BEGIN

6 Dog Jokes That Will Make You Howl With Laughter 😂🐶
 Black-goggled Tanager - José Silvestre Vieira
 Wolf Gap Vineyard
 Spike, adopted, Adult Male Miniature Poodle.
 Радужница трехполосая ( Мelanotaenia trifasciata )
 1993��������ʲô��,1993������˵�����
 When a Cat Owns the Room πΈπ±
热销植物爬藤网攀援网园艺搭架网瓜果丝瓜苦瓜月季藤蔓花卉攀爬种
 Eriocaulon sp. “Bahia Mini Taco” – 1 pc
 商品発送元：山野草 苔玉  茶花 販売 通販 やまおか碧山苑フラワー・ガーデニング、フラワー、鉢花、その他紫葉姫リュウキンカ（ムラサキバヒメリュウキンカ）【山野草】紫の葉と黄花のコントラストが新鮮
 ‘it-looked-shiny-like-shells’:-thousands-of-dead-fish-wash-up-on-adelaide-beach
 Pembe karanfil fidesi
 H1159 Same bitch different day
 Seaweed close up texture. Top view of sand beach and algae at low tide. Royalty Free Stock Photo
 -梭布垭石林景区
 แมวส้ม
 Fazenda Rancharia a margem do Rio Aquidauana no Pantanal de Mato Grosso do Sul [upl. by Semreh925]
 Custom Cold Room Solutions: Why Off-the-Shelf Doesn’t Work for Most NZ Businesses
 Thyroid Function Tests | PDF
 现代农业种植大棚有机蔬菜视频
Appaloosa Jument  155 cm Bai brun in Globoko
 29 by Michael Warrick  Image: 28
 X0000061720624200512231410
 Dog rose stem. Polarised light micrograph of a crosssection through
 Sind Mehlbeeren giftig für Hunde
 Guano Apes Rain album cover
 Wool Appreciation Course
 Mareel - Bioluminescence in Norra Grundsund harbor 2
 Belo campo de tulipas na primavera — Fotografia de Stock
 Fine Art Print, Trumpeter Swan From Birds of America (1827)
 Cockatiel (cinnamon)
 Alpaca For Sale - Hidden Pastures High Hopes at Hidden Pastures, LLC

END

From the entries above, say how many lines contain "beach". Only the number is wanted.

**Your response**
2